The naive approach for implementing the use case of enriching an incoming stream of events stored in Kafka with reference data - is by calling in map()
operator an external service REST API that provides this reference data, for each incoming event.
eventStream.map((key, event) -> /* query the external service here, then return the enriched event */)
Another approach is to have second events stream with reference data and store it in KTable
that will be a lightweight embedded "database" then join main event stream with it.
KStream<String, Object> eventStream = builder.stream(..., "event-topic");
KTable<String, Object> referenceDataTable = builder.table(..., "reference-data-topic");
KTable<String, Object> enrichedEventStream = eventStream
.leftJoin(referenceDataTable , (event, referenceData) -> /* return the enriched event */)

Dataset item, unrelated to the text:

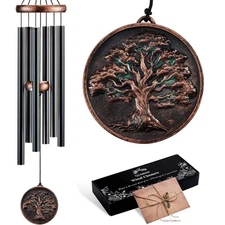 Wind Chimes for Outside, Vintage Tree of Life Deep Tone Wind Chime Outdoor Cl...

.map((key, enrichedEvent) -> new KeyValue<>(/* new key */, enrichedEvent)
.to("enriched-event-topic", ...);
Can the "naive" approach be considered an anti-pattern? Can the "KTable
" approach be recommended as the preferred one?
Kafka can easily manage millions of messages per minute. Service that is called from the map()
operator should be capable of handling high load too and also highly-available. These are extra requirements for the service implementation. But if the service satisfies these criteria can the "naive" approach be used?